(AIM OF THE EXERCISE):
Your answer must be the full listing below, repeated exactly.

(DATA BELOW):
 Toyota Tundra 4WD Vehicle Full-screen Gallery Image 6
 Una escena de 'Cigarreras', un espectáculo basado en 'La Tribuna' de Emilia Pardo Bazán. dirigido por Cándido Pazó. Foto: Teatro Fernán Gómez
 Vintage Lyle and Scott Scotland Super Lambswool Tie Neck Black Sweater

(EXPECTED ANSWER):
 Toyota Tundra 4WD Vehicle Full-screen Gallery Image 6
 Una escena de 'Cigarreras', un espectáculo basado en 'La Tribuna' de Emilia Pardo Bazán. dirigido por Cándido Pazó. Foto: Teatro Fernán Gómez
 Vintage Lyle and Scott Scotland Super Lambswool Tie Neck Black Sweater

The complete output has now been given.